More people (not just geeks) should try it. Live CD's are a good basic test. Except for the fact that it was free (and I mean as beer in this case) I didn't like any Linux version I ever tried. I love the idea of a generic OS-wide package manager though.


enigmahack said:


> (Sad to say, but between Exchange 07, the new Active Directory 08, and some of the newer virtual software that they're implementing, from a server standpoint M$ is getting MUCH better.)


Why is that sad to say? I would love for all OS's to greatly improve. There is still so much wrong with every OS out there today that they all need decennia to improve untill people will complain about the weather more than they complain about computers like in the good old days 

Also, I don't want to start a PC-support thread (or turn this into one), but if I see some more untrue statements from now on I will try to correct them


----------



## d4m4s74 (Jan 14, 2009)

I have some diskspace left, should I install windows 7 beta or wait till the release and replace vista?


----------



## AvGalen (Jan 14, 2009)

d4m4s74 said:


> I have some diskspace left, should I install windows 7 beta or wait till the release and replace vista?



If you have to ask such a question, the answer is "wait till the release". (I would wait at least a couple of weeks longer)

Seriously, Beta's are only meant for testing purposes and they might screw up your entire system (not just the Windows 7 partition). If you have to ask if it is a good idea to run a beta .... you shouldn't run a beta.


----------



## Escher (Jan 14, 2009)

AvGalen said:


> d4m4s74 said:
> 
> 
> > I have some diskspace left, should I install windows 7 beta or wait till the release and replace vista?
> ...



i agree.

and also, the windows 7 beta runs out in august - you'd have to re-license it. and that would mean waiting until the release... (i think)

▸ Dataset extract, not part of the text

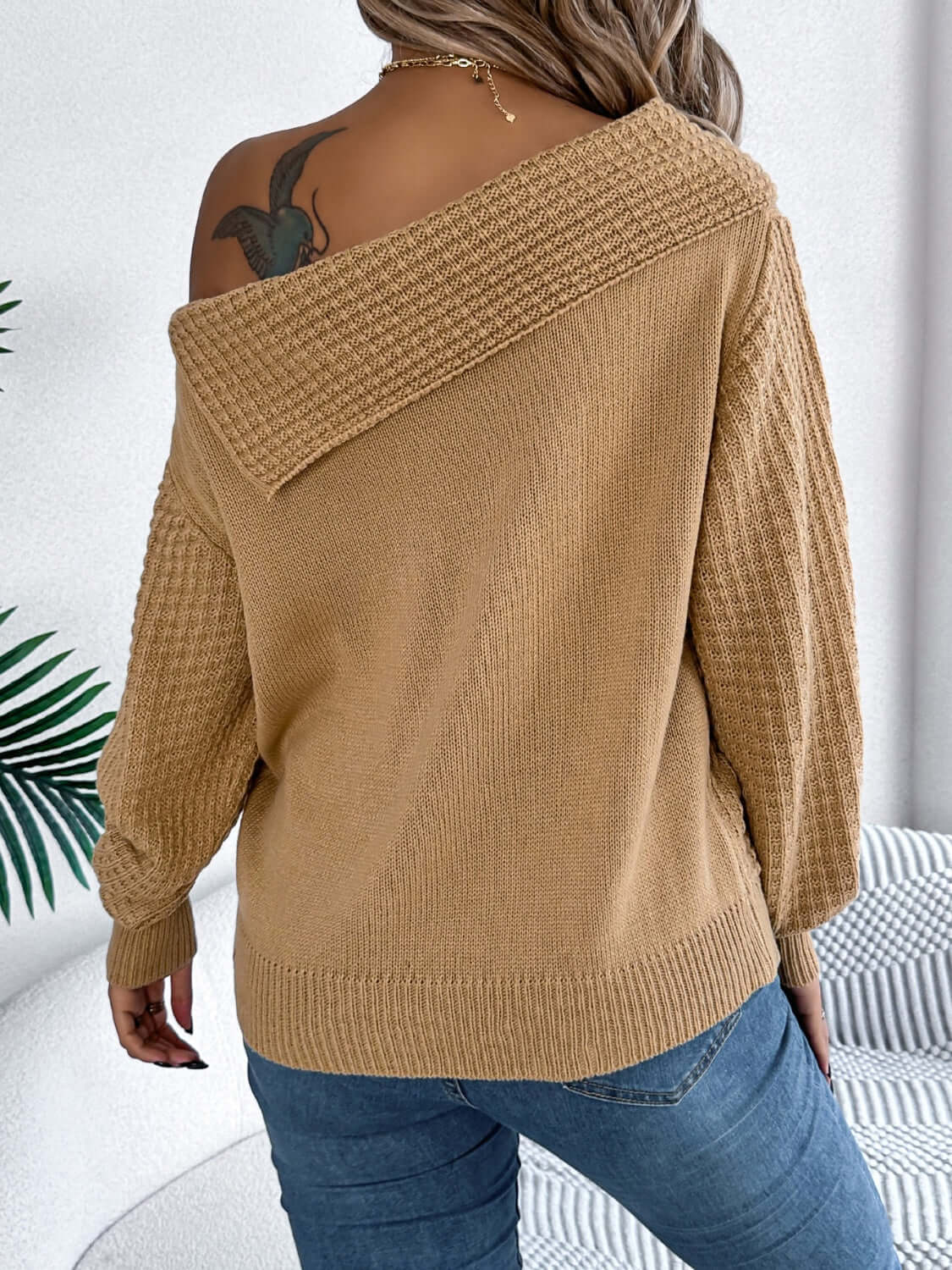 Woman wearing Bella Road Cable-Knit One Shoulder Long Sleeve Sweater in beige, showing back view with stylish off-shoulder design.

put it on a HDD that you have no other use for, if you want to see what its like. otherwise, forget it.


----------



## AvGalen (Jan 14, 2009)

Escher said:


> AvGalen said:
> 
> 
> > d4m4s74 said:
> ...



Or much rather use a virtual machine! That is my preferred way for testing OS's and other software. It will take some effort to get Aero working though


----------



## JTW2007 (Jan 15, 2009)

I'm not saying that every version of Vista is the same as the one I installed, but if some are fine and others are bad, then it's problem is its inconsistency. I think Vista can be great if you know what to do with it (3rd party downloads and the like) but out of the box, I think it isn't as good as leopard out of the box.


----------



## AvGalen (Jan 15, 2009)

JTW2007 said:


> I'm not saying that every version of Vista is the same as the one I installed, but if some are fine and others are bad, then it's problem is its inconsistency. I think Vista can be great if you know what to do with it (3rd party downloads and the like) but out of the box, I think it isn't as good as leopard out of the box.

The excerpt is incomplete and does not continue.